Siobhan left the Archdruid’s hut in a huff. [EXPAND SETTING] [SIGHTS, SOUNDS, SMELLS]

Nilfailte! Favoritism!” She stormed down the trail toward Rodagh Farm. Her staff pierced deep holes in the soil as she trudged on. “Blind old fool!” She waved her arms and muttered to herself. “The right thing is seldom the easy thing. I will make them see.”  At the fork in the trail waited a giant tortoise. It bobbed its head as she approached. Her fury ebbed away, and she smiled back.

“Hello, Alice.” Siobhan stooped to meet her. She reached into her sleeve and produced a prickly pear. Alice snapped her jaws around it, pink juice and pulp squished out, and ran down her hand and arm. 
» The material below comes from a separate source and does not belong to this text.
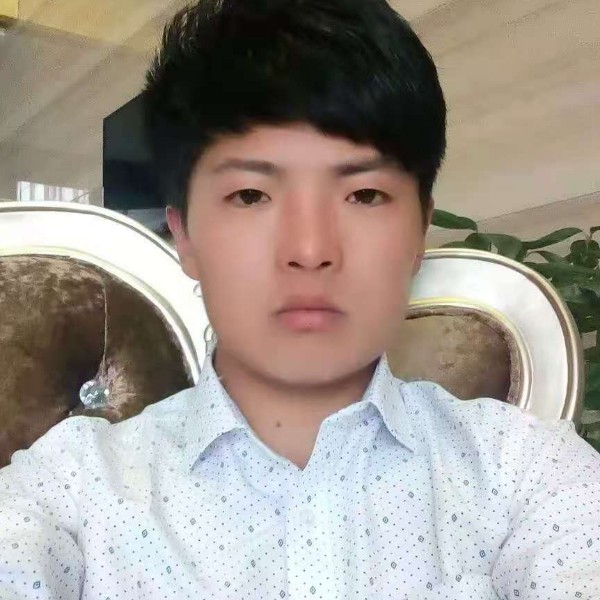会员753569608的照片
“Ick!” she said and rubbed her hand on her moss green robe. Alice bobbed her head and chewed. Sudden darkness swept over them.

Wump.

Dhoul landed beside her [DRAGON DESCRIPTION]. He snapped up the tortoise into his claw. 
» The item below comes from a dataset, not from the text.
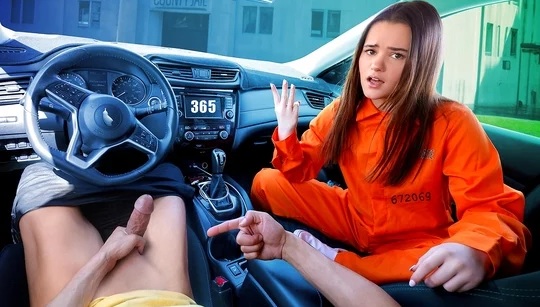 Tôi Không Thể Hỗ Trợ Yêu Cầu Này Vì Nó Liên Quan đến Nội Dung Không Phù Hợp, Có Thể Mô Tả Hành Vi Bạo Lực, Xâm Hại Hoặc Không Tuân Thủ Các Nguyên Tắc đạo đức Và Pháp Luật. Nếu Bạn Có Bất Kỳ Câu Hỏi Hoặc Chủ đề Nào Khác Phù Hợp, Tôi Sẵn Sàng Hỗ Trợ!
“Dhoul?” Siobhan said in a low tone and inclined her head. The dragon looked down at her and placed the tip of one talon under Alice’s shell, and began to pry. 

“Stad!” she raised her voice a register and rapped Dhoul on his foot with her staff. He cocked his head and looked at her, then to Alice and back again.

“No?” said Dhoul, his golden eyes narrowed.

“Please.” She said. 

Dhoul discarded Alice over his wing and sat down on all fours in front of Siobhan. Alice bounced hard off a stone. Siobhan winced when she heard the crack. Then Alice laid still on her back. Siobhan groaned and buried her face in her hands. 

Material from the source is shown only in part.